World's largest collection of Holocaust documents goes digital
Although much of Yad Vashem's archive is already available through its website, new project enables users to search keywords and data just like a Google search.
The world's largest collection of Holocaust documents is going digital.
Israel's Holocaust memorial, Yad Vashem, is teaming up with Google to make its photographs and documents interactive and searchable on the Internet. The first 130,000 photos hit the web Wednesday.
Although much of Yad Vashem's archive was already available through its formidable website, the new project enables users to search keywords and data just like a Google search.
A social network-like component allows viewers to contribute to the project by adding their own stories, comments and documents about family members who appear in the online archives.
Yad Vashem Chairman Avner Shalev said even though that feature could be misused to post anti-Semitic comments, the risk is outweighed by the benefit provided to future generations seeking information about their ancestors.

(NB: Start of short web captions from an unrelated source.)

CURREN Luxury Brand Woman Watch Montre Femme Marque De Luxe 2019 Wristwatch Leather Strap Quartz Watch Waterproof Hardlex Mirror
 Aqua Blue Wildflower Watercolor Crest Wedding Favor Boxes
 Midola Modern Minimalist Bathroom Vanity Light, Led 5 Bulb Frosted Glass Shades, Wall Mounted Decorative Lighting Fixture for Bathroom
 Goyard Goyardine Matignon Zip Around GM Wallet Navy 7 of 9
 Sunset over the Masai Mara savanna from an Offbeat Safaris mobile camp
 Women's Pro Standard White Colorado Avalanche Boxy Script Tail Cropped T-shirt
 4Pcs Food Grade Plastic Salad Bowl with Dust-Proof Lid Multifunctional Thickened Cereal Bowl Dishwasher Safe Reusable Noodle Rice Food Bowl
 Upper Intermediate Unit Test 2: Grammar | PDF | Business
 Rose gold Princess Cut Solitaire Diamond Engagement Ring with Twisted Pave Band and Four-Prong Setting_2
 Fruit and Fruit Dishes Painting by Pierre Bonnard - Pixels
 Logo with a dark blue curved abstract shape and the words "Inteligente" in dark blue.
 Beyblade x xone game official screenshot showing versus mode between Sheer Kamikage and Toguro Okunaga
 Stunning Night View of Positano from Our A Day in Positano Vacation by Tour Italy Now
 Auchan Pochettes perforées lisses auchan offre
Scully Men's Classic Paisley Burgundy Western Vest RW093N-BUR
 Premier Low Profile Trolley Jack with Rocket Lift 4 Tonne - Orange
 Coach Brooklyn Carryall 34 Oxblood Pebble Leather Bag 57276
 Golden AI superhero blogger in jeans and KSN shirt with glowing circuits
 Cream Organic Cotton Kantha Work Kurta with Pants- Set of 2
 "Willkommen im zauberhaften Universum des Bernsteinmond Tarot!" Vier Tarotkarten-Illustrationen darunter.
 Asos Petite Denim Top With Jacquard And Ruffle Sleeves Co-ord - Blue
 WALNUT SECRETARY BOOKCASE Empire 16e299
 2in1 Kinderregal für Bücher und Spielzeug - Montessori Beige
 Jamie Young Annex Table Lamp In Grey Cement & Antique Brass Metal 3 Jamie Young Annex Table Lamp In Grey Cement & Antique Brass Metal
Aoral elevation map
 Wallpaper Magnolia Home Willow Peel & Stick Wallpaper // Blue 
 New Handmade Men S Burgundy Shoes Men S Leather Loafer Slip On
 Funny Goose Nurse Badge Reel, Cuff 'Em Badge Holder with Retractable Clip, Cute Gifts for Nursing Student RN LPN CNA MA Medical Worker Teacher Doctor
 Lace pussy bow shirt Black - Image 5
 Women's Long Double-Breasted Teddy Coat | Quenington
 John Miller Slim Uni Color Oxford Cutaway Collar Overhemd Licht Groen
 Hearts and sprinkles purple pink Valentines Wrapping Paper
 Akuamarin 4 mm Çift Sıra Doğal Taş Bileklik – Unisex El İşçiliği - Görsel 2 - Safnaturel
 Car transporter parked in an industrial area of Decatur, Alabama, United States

This is part of our vision - to connect Yad Vashem's knowledge and information to modern technology, and bring it to youngsters, he said.
The project started three years ago in the Tel Aviv skyscraper that houses Google's research operations in Israel. It was inspired by a Google initiative encouraging employees to spend 20 percent of work time on projects they feel are important.
Google used experimental optical character recognition technology to make text within documents and photos searchable in multiple languages.
The move is just the latest in Yad Vashem's digital outreach. Earlier this week, the memorial launched a version of its YouTube channel in Farsi to educate the country's most bitter enemy - Iran - about the Nazi genocide of 6 million Jews.
Yad Vashem's next priority is to digitize its collection of survivor testimonies.
The launch comes a day before the UN. marks its annual Holocaust remembrance day.